Lane Cedar Chest Veneer Repair and Refinishing
In this tutorial on Cedar Chest Restoration, we will repair some serious veneer damage !! This Lane Cedar Chest is about as wrecked as they come, but our client wanted it restored for sentimental reasons and he knew where to come to get the job done!
We'll show you step by step, the methods and techniques we used to bring this wrecked Cedar Chest back to "like New" condition !
Get Ready To Be Inspired !!Would you think restoring this cedar chest was within your skill level? Even most "professionals" wouldn't attempt this one.
Learn Veneer Patching TechniquesWe'll show you how to patch missing pieces of veneer !
Veneer Removal TechniquesWe'll show you the methods we use to remove old veneer !
DIY Veneering TechniquesWe'll show you the simple methods we used to measure, cut and apply this veneer!
Reach For The Stars !You Don't Have To Be Great To Start, But You Have To Start To Be Great!!
Why restore this Wrecked Cedar Chest? I mean, It's not like cedar chests are hard to come by, or command a lot of money when restored. But after absorbing the initial shock when viewing the condition, I knew the answer without having to ask our client. This Cedar Chest had tremendous sentimental value to it's owner.

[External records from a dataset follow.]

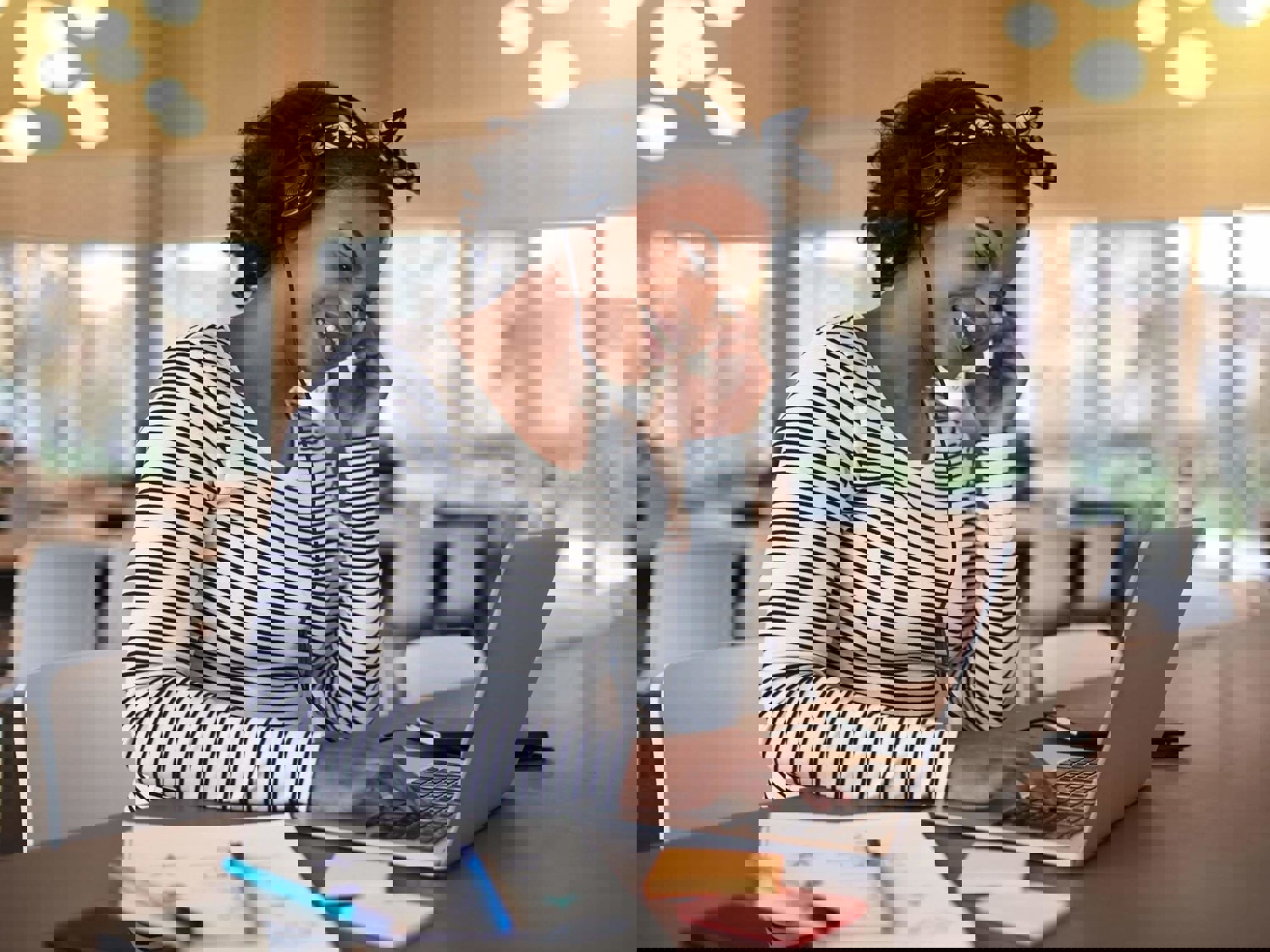 Woman smiling on laptop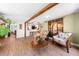 Open concept living room with hardwood floors, exposed beams, and comfortable seating arrangement with natural lighting at 2571 Ames Haven Rd, Kissimmee, FL 34744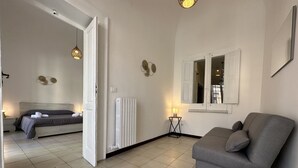 Un soggiorno moderno con un divano grigio, un letto con biancheria da letto grigia, un termosifone e una finestra con vista.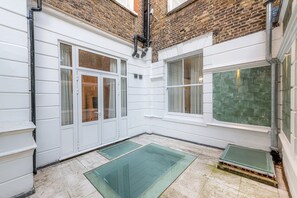 A narrow courtyard with white walls, a brick upper section, and a green-tiled floor. - 20 Hertford Street (London)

First Step - Creating A Vision
Every Refinishing, Re-purposing, and Restoration project begins with the same process. We need to create a mental conception of what we desire as the end result. Without a good idea of what we are striving to achieve, plotting out our course of actions would be nearly impossible.
Let's get Started!!
So where do we start ? Well, my first order of business was to determine (to the best of my ability) what type of veneer I was dealing with. That proved to be a little challenging, but based on grain matching I decided to go with Satinwood on the front and Teak for the sides. I ordered my veneer online and began the task of removing the veneer. There was just no saving anything but the top and the front center piece of Burl.
Watch Movie ~ How To Remove Veneer
So many veneer and glue types.....where do I start?
Veneering furniture can be as simple, or as hard as you choose to make it. It's not Something I do in our studio daily, weekly, or most times even monthly. Therefor, I like to keep it simple. We don't have a veneer press, nor are we a cabinet shop set up to do high volume veneering. With that in mind, I only accept veneering projects that I know are within my shops capabilities.
Unless you have access to a veneer press and many clamps, you are going to want to select veneer with a backing. Paper Backed veneer is good for use with contact cement. Veneer backed veneer is good for use with wood glue. See Video for more details.
Measuring And Cutting Our Veneer
When purchasing veneer, you'll find useful websites online with the many veneer species available. You'll need to match them up the best you can with what you are replacing. There are also many outlets available to purchase veneer online.
When ordering veneer, I suggest purchasing veneer with a backing. That will be either - veneer backed, paper backed, or adhesive paper backed.
BELOW, scroll through the slideshow and we'll go over how I measured and cut my front panels.
Measuring The Front Panels
The 4 veneer panels to be used on the front of this chest have the grain running in a 45 degree angle. I want to reproduce the same look, so I begin by using a corner square and penciling a line at 45 degrees.
Once I have my line drawn at my 45 degree angle, I can use my carpenters square to continue the line. I have already measured the dimensions I need my panels to be, and allowed for an inch oversize on the edges.
In This image, you can get a good idea of what I was going for, and why I did it the way I did. Chances are, you will only need to cut a straight grain panel, making your job much easier!
There are different ways to cut veneer. In this case, I am working with veneer backed veneer. It's two ply and thick enough to cut with a good pair of scissors. You can also use a veneer saw if you so choose, but for me the scissors did the job! I also use a paper cutter fairly often when cutting veneer.